One of the most common mistakes I see is to try to Better and Faster a task at the same time. Doing so is the default. Usually, it ends up taking the same time with minor added benefits. Faster means “dumping the task out of your mind as quickly as possible”. Better means “think how you can improve the task’s output”. It’s impossible to think of both at the same time. So, focus on one dimension: either Better or Faster.
When to switch to Scale?
You have many reasons to scale things. Scaling a task often means splitting it into many small parts, test some of those parts, make sure that it works 10 times, etc. So, before scaling, make sure things are good and fast enough. Scaling crap is even worse than doing crap Faster. If your webinar doesn’t generate enough qualified leads and the overall satisfaction is low, do spend more time on it to make it Better. This way, you will be able to highlight the most important parts, get rid of the useless ones, and get to a quality good enough for each moment of the webinar. THEN, when the script is mastered, the audio quality fine, and the landing page converts, you can scale things. Don’t scale everything at the same time. First, scale the landing page and the script. Then, do check that your “Scaled” version gives the same results than the previous one. If it does, continue. If not, go back to Scale.
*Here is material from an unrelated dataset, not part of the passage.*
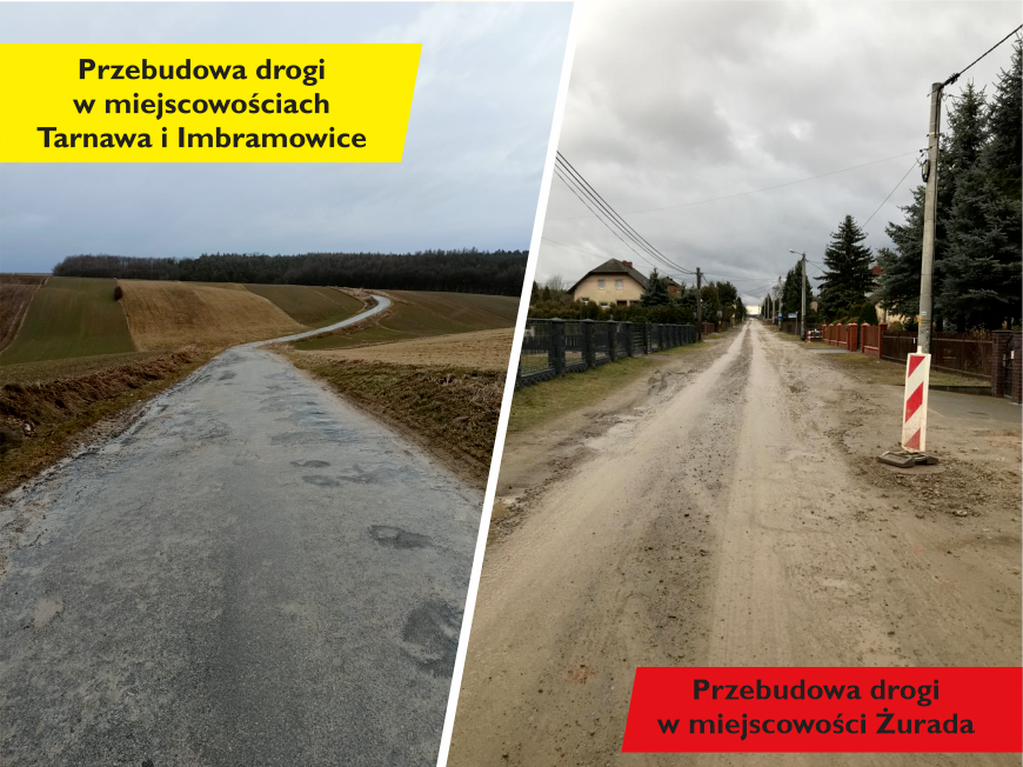 Stan dróg w miejscowościach Żurada oraz Tarnawa i Imbramowice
Make sure to do an RoI-check before Scaling something. Let’s say you have to copy-paste data from one Trello card to the other every day. In average you have 10 copy-pastes to do. It’s boring, so you want to code a small script to automatically link the two Trello cards. Writing and testing the script will take you 1h, from start to finish. When done, you will gain 3 seconds per copy-paste. When will the Scaling be profitable? Well, after 3600/(10*3) = 120 times = 120 days. Was it worth it? Depends. If copy-pasting makes you insane, so yes. If you just wanted to save time: no, it was certainly not.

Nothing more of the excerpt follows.